CI confidence interval, NOS Newcastle–Ottawa Scale, RR relative risk

aNumber of studies that contributed data to each category of alcohol consumption and strata

bTest for between-study heterogeneity. I 2 values < 30 %, 30–75 %, and > 75 % were interpreted as no or low heterogeneity, moderate heterogeneity, and notable heterogeneity, respectively

cSensitivity analysis in which light-to-moderate alcohol consumption for women was defined as ≤ 1 drink/day and high-to-heavy consumption was defined as > 1 drink/day

The association between alcohol consumption and stroke types did not differ appreciably by reference group used, except that light-to-moderate drinking was not associated with ischemic stroke when occasional drinkers were used as the comparison group (Additional file 1: Table S3).

Small-study bias

Indication of small-study bias was observed in the light alcohol consumption category for ischemic stroke (P = 0.04) and subarachnoid hemorrhage (P = 0.01), but not in the moderate, high, and heavy alcohol consumption categories.
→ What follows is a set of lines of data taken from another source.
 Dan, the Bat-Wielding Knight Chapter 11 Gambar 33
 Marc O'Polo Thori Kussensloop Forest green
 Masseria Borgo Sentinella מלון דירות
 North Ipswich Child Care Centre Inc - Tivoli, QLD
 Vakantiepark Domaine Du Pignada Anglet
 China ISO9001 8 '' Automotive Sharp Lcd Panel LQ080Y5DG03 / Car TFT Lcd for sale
There was no evidence of small-study bias for subarachnoid hemorrhage.

Discussion

Findings from this meta-analysis of 27 prospective studies indicate that alcohol consumption has divergent associations by stroke type. Light and moderate alcohol consumption (up to 2 drinks/day) was associated with a reduced risk of ischemic stroke but was not associated with risk of intracerebral or subarachnoid hemorrhage. Heavy alcohol consumption was associated with an increased risk of all stroke types but with stronger associations for hemorrhagic stroke subtypes than for ischemic stroke.
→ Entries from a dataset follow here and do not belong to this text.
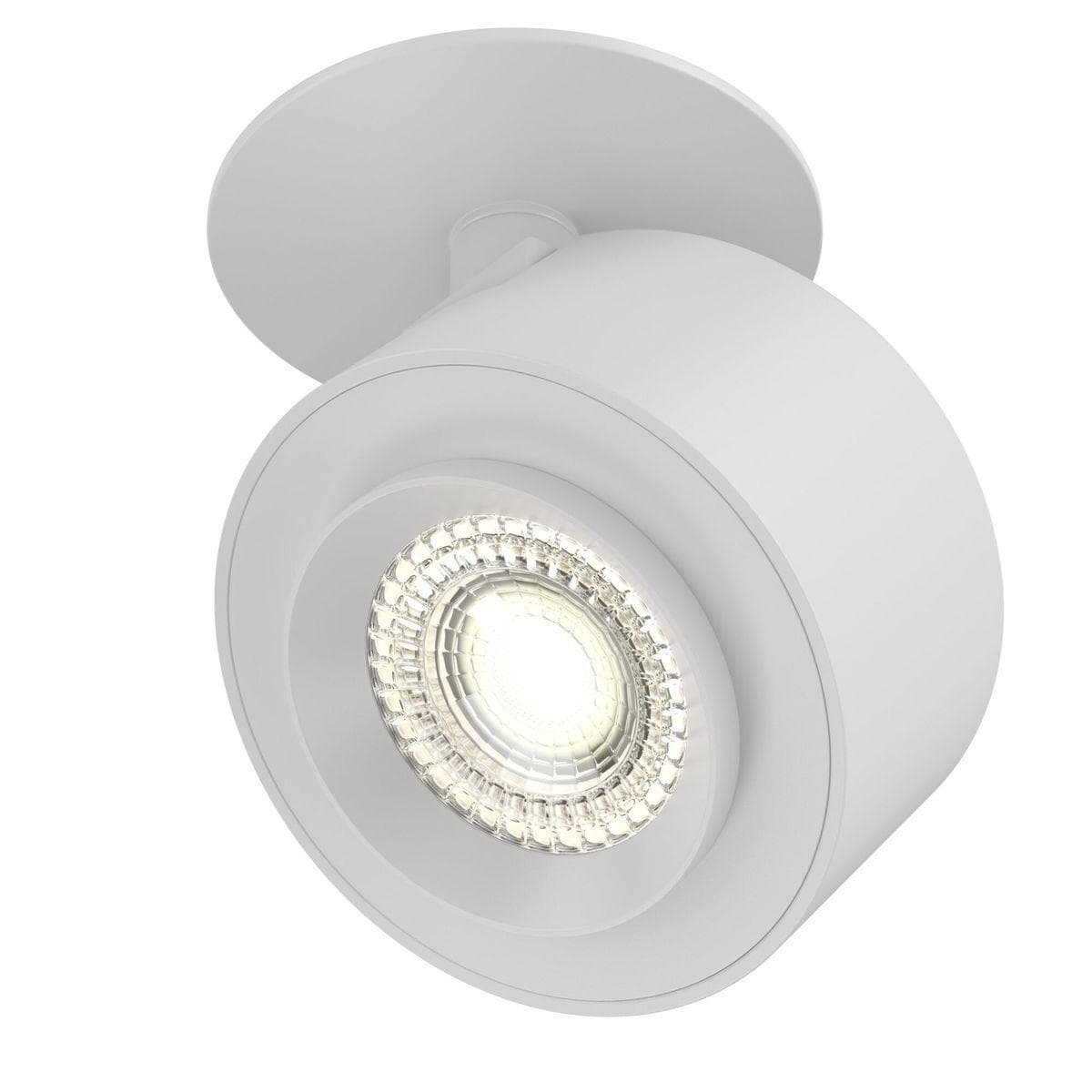 Maytoni Ceiling & Wall Treo Белый Потолочный светильник C063CL-L12W3K — миниатюра 1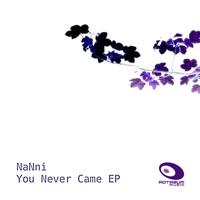 Nanni - You Never Came Ep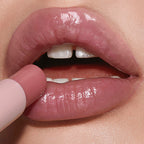 Charlotte Tilbury Pillow Talk Iconic Lip & Cheek Kit - Default Title - official image 3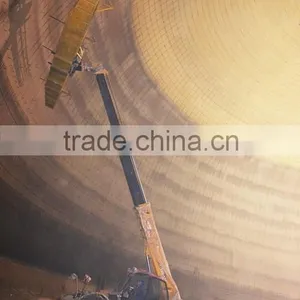 XCMG XT670-140 Telescopic Handler Forklift Truck/Telescope Lift Handler thumbnail-3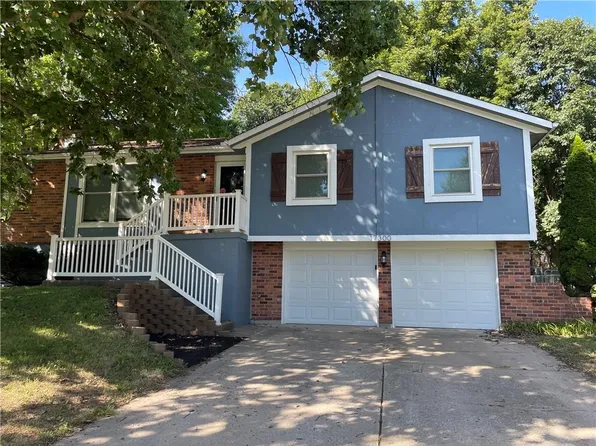 17300 E 50th Street Ct S, Independence, MO 64055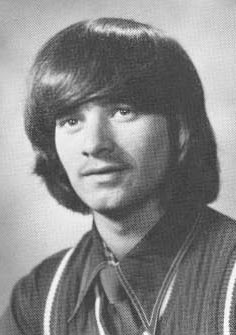 Donald Ray Williams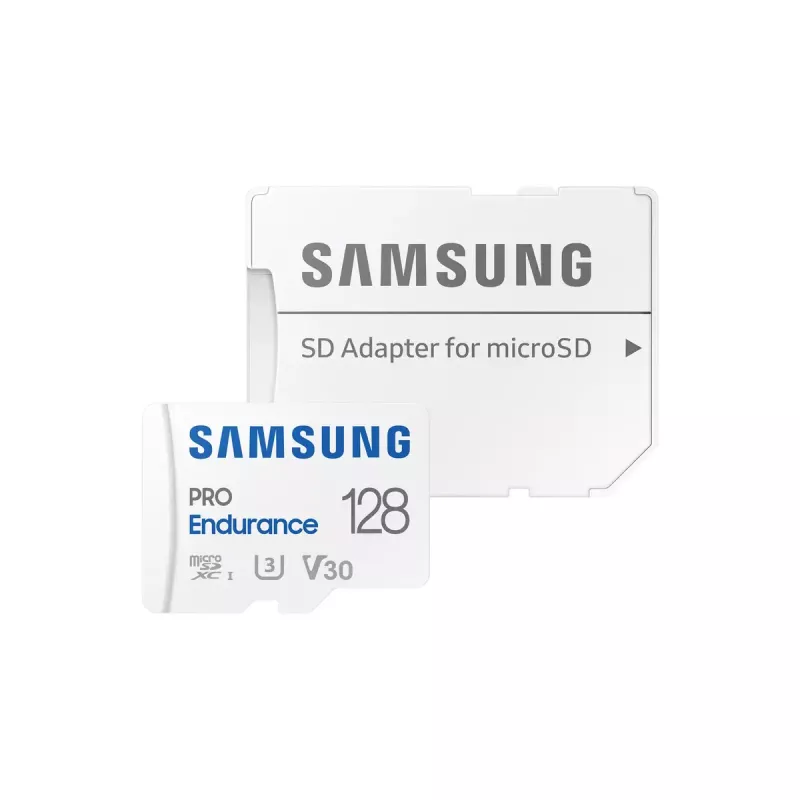 Samsung MB-MJ128K 128 GB MicroSDXC UHS-I Class 10 atminimo kortelė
The divergent dose–response relationships between alcohol consumption and risk of ischemic stroke and hemorrhagic stroke subtypes suggest that different mechanisms underlie associations with the different stroke types. Alcohol consumption is associated with increased high-density lipoprotein cholesterol levels and reduced fibrinogen levels [14], and this might explain the lower the risk of ischemic stroke but not hemorrhagic stroke associated with light and moderate alcohol consumption. The adverse impact of alcohol consumption on blood pressure may directly increase the risk of hemorrhagic stroke and outweigh potential beneficial associations of light to moderate drinking with ischemic stroke.

Ischemic stroke itself is caused by a number of different pathophysiological mechanisms and alcohol drinking might have contrasting effects on different ischemic stroke subtypes. For example, moderate and high alcohol consumption is associated with an elevated risk of atrial fibrillation [43], which is a risk factor for cardioembolic stroke. However, only one study in this meta-analysis reported results for ischemic stroke subtypes [24]. Results from that cohort study of Japanese men showed that moderate and heavy alcohol consumption was associated with a non-statistically significant increased risk of cardioembolic stroke, whereas moderate alcohol consumption was associated with a statistically significant reduced risk of lacunar infarction and a non-statistically significant lower risk of large artery stroke [24].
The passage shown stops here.